From Macbeth (4.1.47-60):

MACBETH
How now, you secret, black, and midnight hags!
What is’t you do?
ALL [WITCHES]
A deed without a name.
MACBETH
I conjure you, by that which you profess,
Howe’er you come to know it, answer me:
Though you untie the winds and let them fight
Against the churches; though the yesty waves
Confound and swallow navigation up;
Though bladed corn be lodged and trees blown down;
Though castles topple on their warders’ heads;
Though palaces and pyramids do slope
Their heads to their foundations; though the treasure
Of nature’s germens tumble all together,
Even till destruction sicken; answer me
To what I ask you.

And some contextualizing remarks from Witches and Jesuits: Shakespeare’s Macbeth by Gary Wills (pg63-65).

When Macbeth sets out consciously to “know, by the worst means, the worst” from the witches (3.4.133-34), he is exposing himself to the same laws that made Sir Edward Kelley (in real life) and the Duchess of Gloucester (in Shakespeare’s play) guilty of necromancy—i.e., of witchcraft. He appeals to the witches in the name of their art, of their dark knowledge, no matter what its source (4.1.50-51):

I conjure you, by that which you profess,
How e’er you come to know it, answer me.


He has addressed them in terms of their office:

How now you secret, black, and midnight hags.


This is the way Ovid’s Medea begins to conjure Night: “Oh, Night,
you secret-keeper!”

Nox, ait, arcanis fidissima . . .

This is not an accidental resemblance. The model for Macbeth’s conjuring speech is the classical speech of Medea best known to Shakespeare in Ovid’s and in Seneca’s versions of it. It has long been recognized that Shakespeare based Prospero’s description of his magic on Ovid’s Medea; but Macbeth’s speech is just as close to that model.

Macbeth asks for knowledge on the basis of witches’ power to wrest, from an unwilling nature, compelled submission. To emphasize this he lists the classical adynata (feats beyond natural causation) that make up the canonical list of witches’ boasts. Medea, like other classical witches, says she can draw down the moon, move crops around, invert the seasons, reverse river currents, turn everything topsyturvy. Here is Macbeth’s use of that classical witch-catalogue (4.1.52-59):

[see quoted passage at top]

This kind of speech, often imitated from the classical sources, is almost always put into the mouth of a witch or the queen of witches. Ben Jonson [in The Masque of Queens], for instance, has Hecate say:

When we have set the elements at wars,
Made midnight see the sun, and day the stars;
When the winged lightning in its course hath stay’d,
And swiftest rivers have run back, afraid
To see the corn remove, the graves to range
While places alter and the seas do change;
When the pale moon, at the first voice, down fell
Poison’d, and durst not stay the second spell


Although Macbeth’s adynata, like Jonson’s, are classical, there is one Christian touch in Shakespeare that makes its “modern” witchcraft more explicit. Macbeth not only says he will set the winds at war—a typical feature of witch-boasting—but that he will make them war against the churches. That is an extra touch of malice that Doctor Faustus shares with Macbeth. Faustus says that he will “make my spirit pull his churches down” (Az.3.98).

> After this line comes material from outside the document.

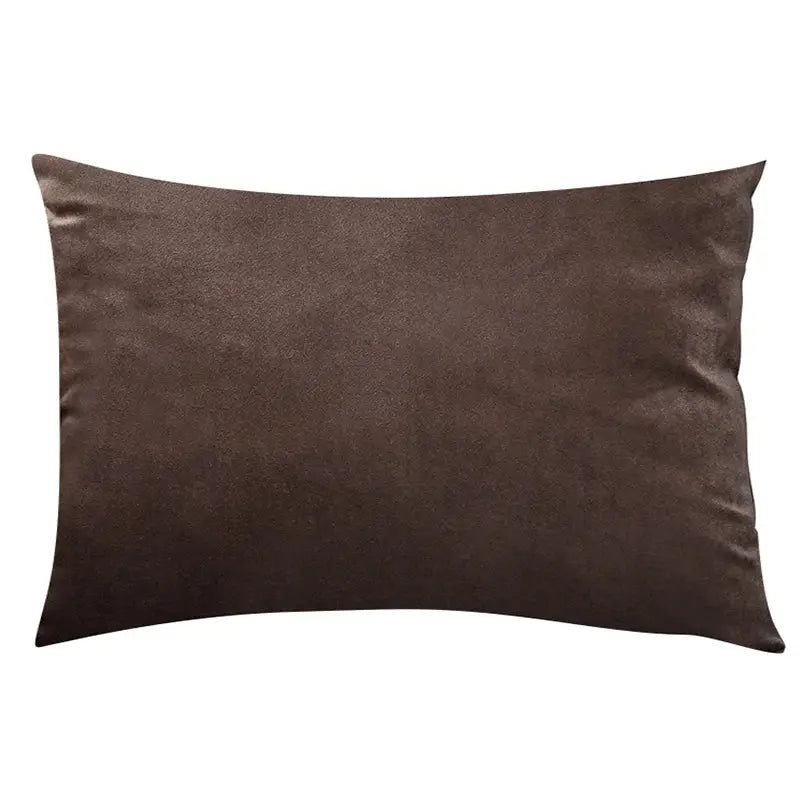 Simples Market velvet cushion cover, brown, 30x50 cm for living room sofa
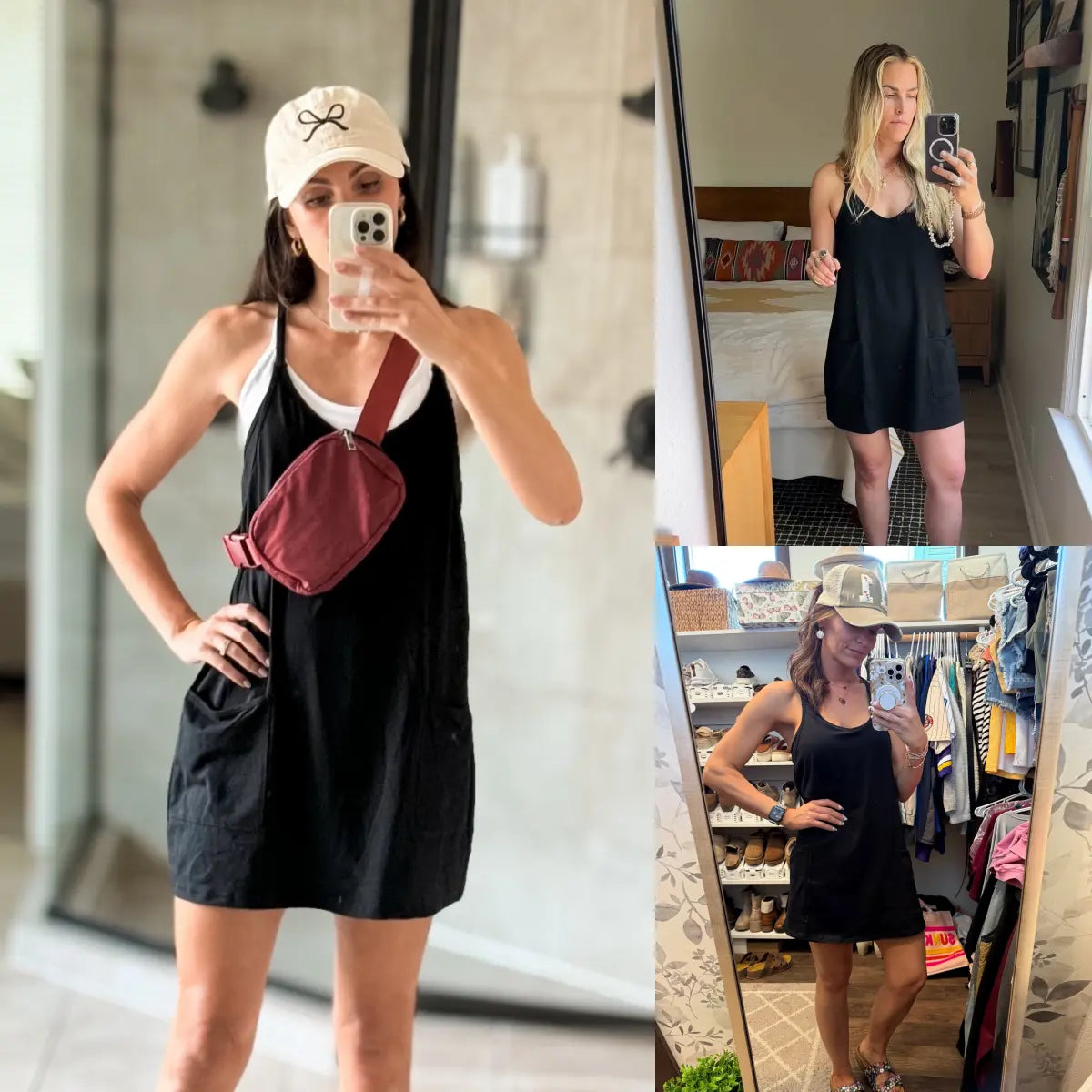 Athletic Swing Dress with Built-In Shorts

And the Golding translation (what Shakespeare would have known) of the passage in Ovid (7.190-210ish):

…… O trustie time of night
Most faithfull unto privities, O golden starres whose light
Doth jointly with the Moone succeede the beames that blaze by day
And thou three headed Hecate who knowest best the way
To compasse this our great attempt and art our chiefest stay:
Ye Charmes and Witchcrafts, and thou Earth which both with herbe and weed
Of mightie working furnishest the Wizardes at their neede:
Ye Ayres and windes: ye Elves of Hilles, of Brookes, of Woods alone,
Of standing Lakes, and of the Night approche ye everychone.
Through helpe of whom (the crooked bankes much wondring at the thing)
I have compelled streames to run cleane backward to their spring.
By charmes I make the calme Seas rough, and make the rough Seas plaine,
And cover all the Skie with Cloudes and chase them thence againe.
By charmes I raise and lay the windes, and burst the Vipers jaw.
And from the bowels of the Earth both stones and trees doe draw.
Whole woods and Forestes I remove: I make the Mountaines shake,
And even the Earth it selfe to grone and fearfully to quake.
I call up dead men from their graves: and thee lightsome Moone
I darken oft, though beaten brasse abate thy perill soone.
Our Sorcerie dimmes the Morning faire, and darkes the Sun at Noone.

Lucan’s Erichtho may also be relevant, though the Pharsalia doesn’t seem to have been translated in full until over a decade after the play.